**TRY IT**. Copy each line of the data below exactly, leaving out pictures.

**TASK INPUTS**.
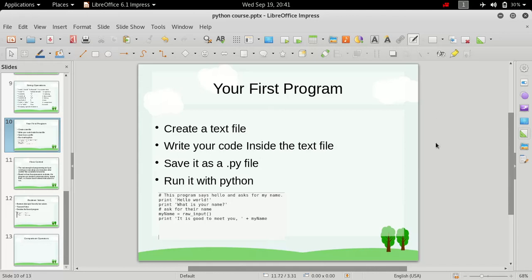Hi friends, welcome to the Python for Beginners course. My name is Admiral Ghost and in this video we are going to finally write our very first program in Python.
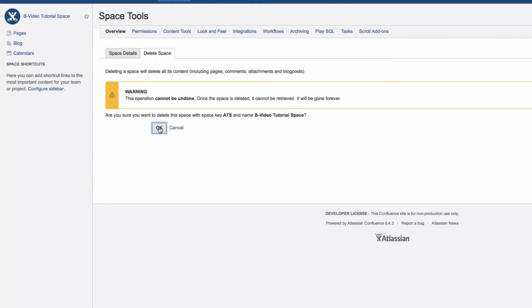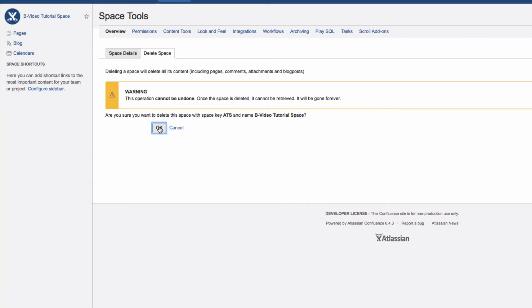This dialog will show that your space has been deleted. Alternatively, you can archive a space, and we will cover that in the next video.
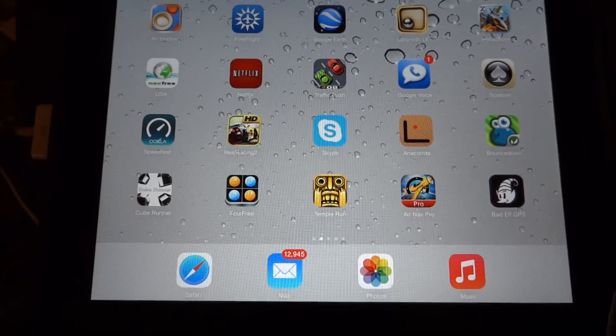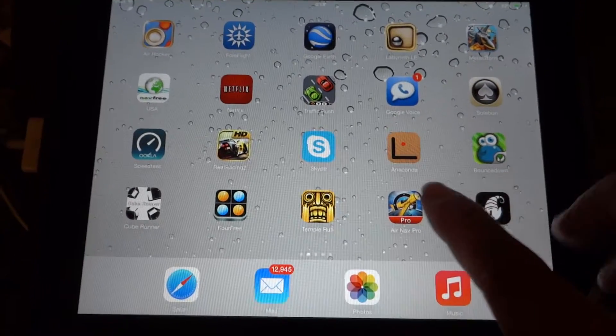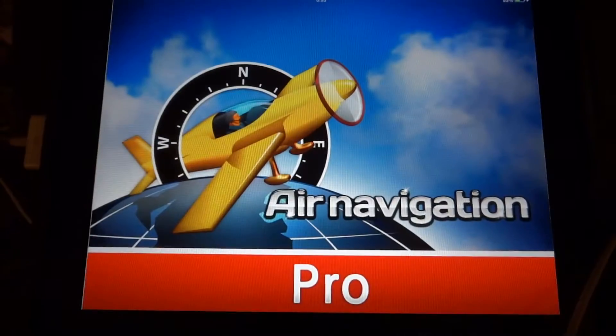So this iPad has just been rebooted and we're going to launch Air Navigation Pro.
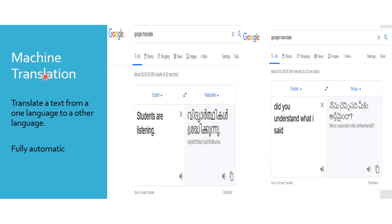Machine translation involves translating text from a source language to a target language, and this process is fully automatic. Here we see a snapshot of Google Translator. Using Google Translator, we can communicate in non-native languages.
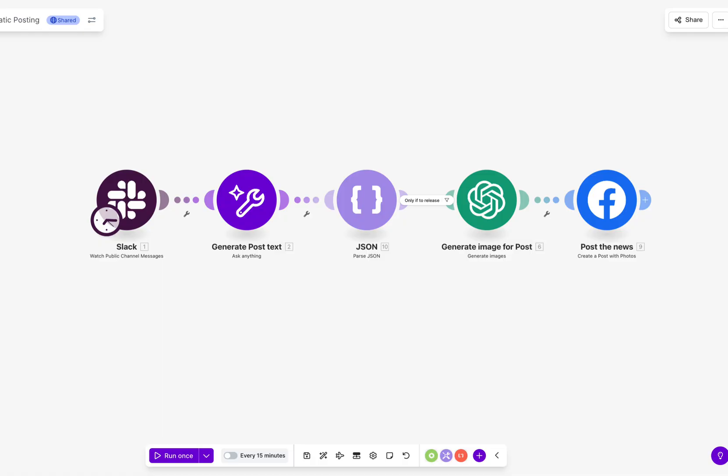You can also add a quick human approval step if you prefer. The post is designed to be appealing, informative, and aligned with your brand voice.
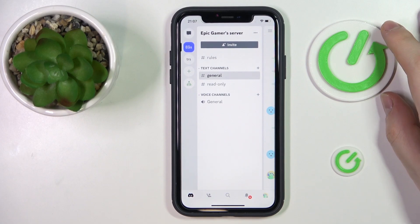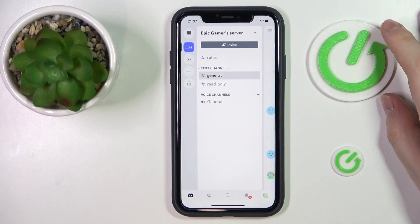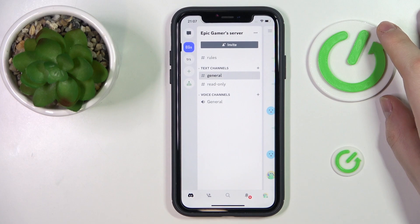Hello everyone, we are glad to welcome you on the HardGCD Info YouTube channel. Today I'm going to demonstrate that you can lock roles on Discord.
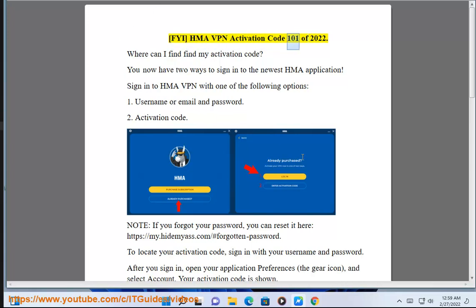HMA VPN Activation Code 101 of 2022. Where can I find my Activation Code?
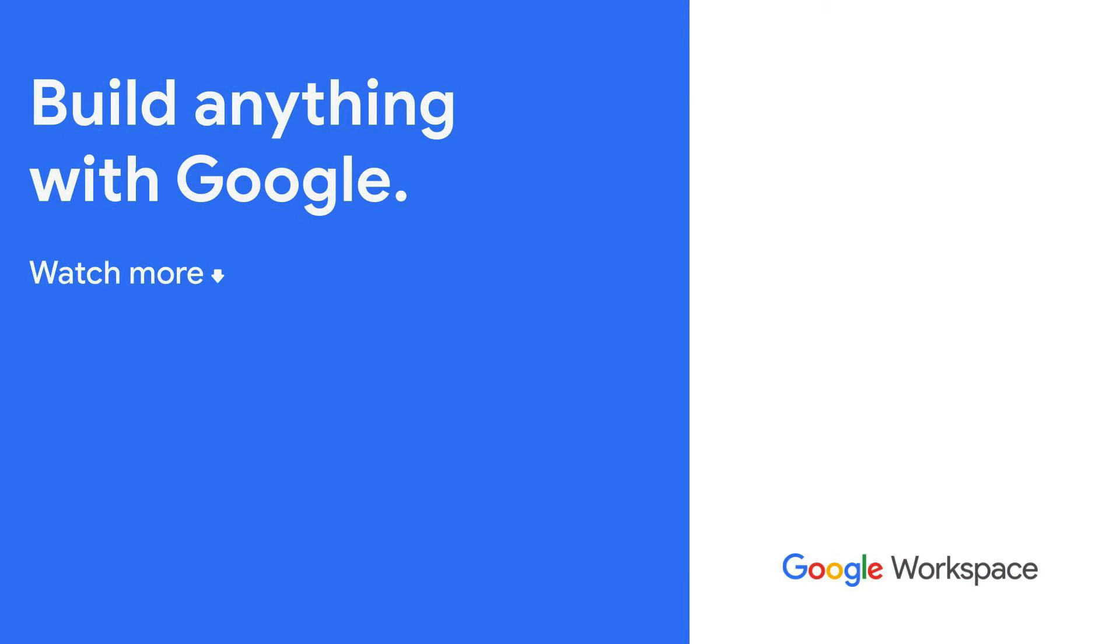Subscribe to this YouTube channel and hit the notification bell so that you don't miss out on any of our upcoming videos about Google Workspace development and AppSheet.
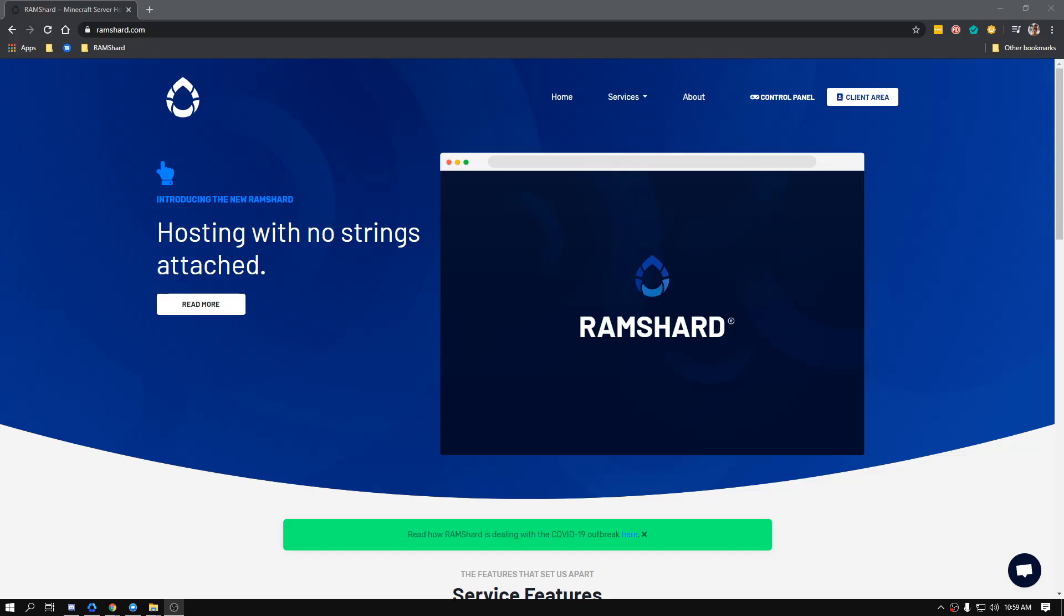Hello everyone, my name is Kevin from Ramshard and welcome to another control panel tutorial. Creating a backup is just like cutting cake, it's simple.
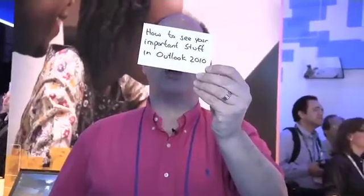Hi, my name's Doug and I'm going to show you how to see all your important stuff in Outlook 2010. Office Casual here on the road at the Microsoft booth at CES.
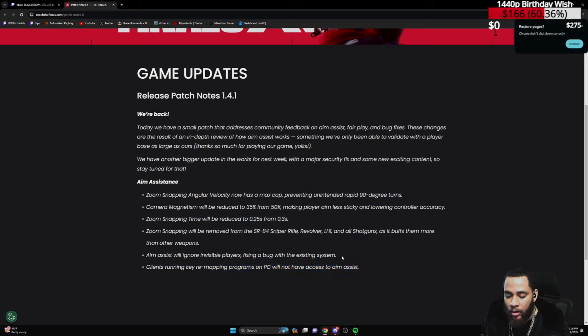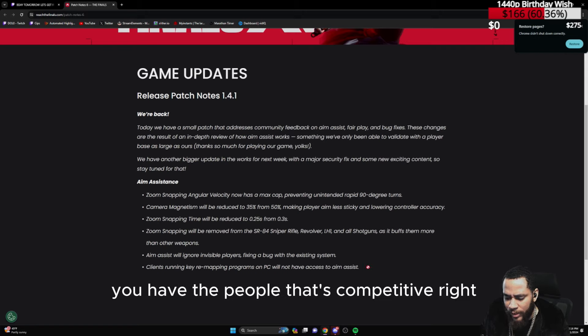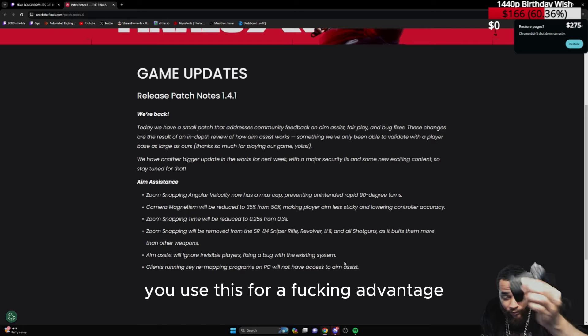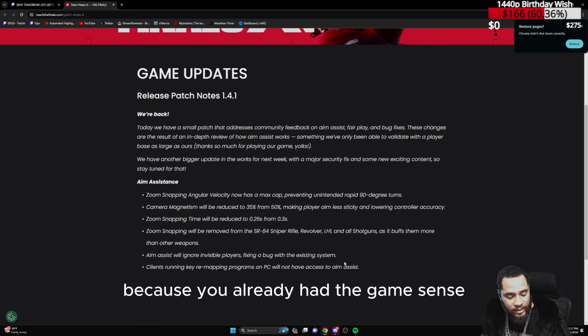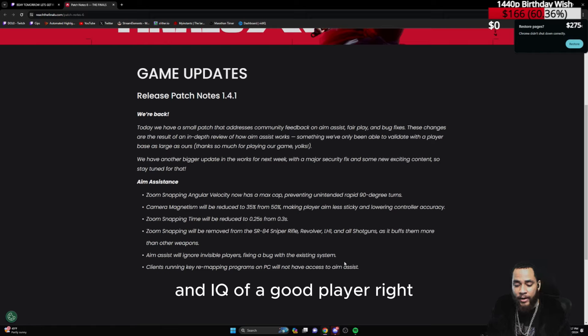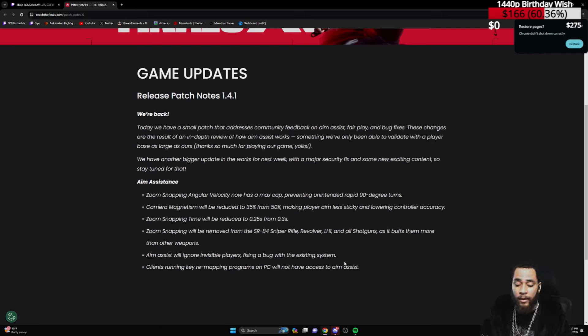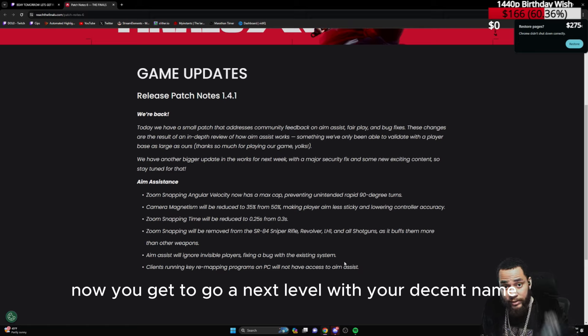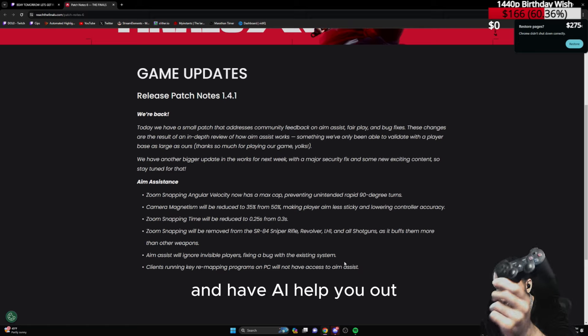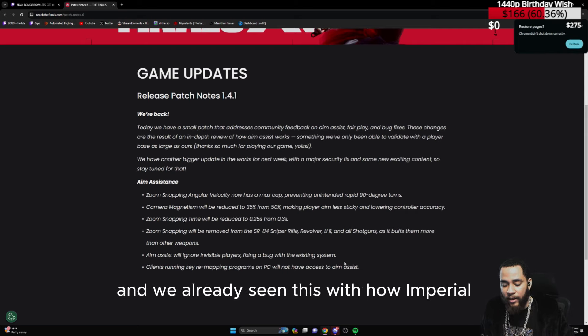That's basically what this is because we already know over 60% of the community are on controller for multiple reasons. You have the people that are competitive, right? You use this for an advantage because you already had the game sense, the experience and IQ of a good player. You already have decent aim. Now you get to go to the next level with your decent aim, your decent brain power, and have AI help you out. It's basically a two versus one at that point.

**RESPONSE TO THIS TASK**.
Hi friends, welcome to the Python for Beginners course. My name is Admiral Ghost and in this video we are going to finally write our very first program in Python.
This dialog will show that your space has been deleted. Alternatively, you can archive a space, and we will cover that in the next video.
So this iPad has just been rebooted and we're going to launch Air Navigation Pro.
Machine translation involves translating text from a source language to a target language, and this process is fully automatic. Here we see a snapshot of Google Translator. Using Google Translator, we can communicate in non-native languages.
You can also add a quick human approval step if you prefer. The post is designed to be appealing, informative, and aligned with your brand voice.
Hello everyone, we are glad to welcome you on the HardGCD Info YouTube channel. Today I'm going to demonstrate that you can lock roles on Discord.
HMA VPN Activation Code 101 of 2022. Where can I find my Activation Code?
Subscribe to this YouTube channel and hit the notification bell so that you don't miss out on any of our upcoming videos about Google Workspace development and AppSheet.
Hello everyone, my name is Kevin from Ramshard and welcome to another control panel tutorial. Creating a backup is just like cutting cake, it's simple.
Hi, my name's Doug and I'm going to show you how to see all your important stuff in Outlook 2010. Office Casual here on the road at the Microsoft booth at CES.
That's basically what this is because we already know over 60% of the community are on controller for multiple reasons. You have the people that are competitive, right? You use this for an advantage because you already had the game sense, the experience and IQ of a good player. You already have decent aim. Now you get to go to the next level with your decent aim, your decent brain power, and have AI help you out. It's basically a two versus one at that point.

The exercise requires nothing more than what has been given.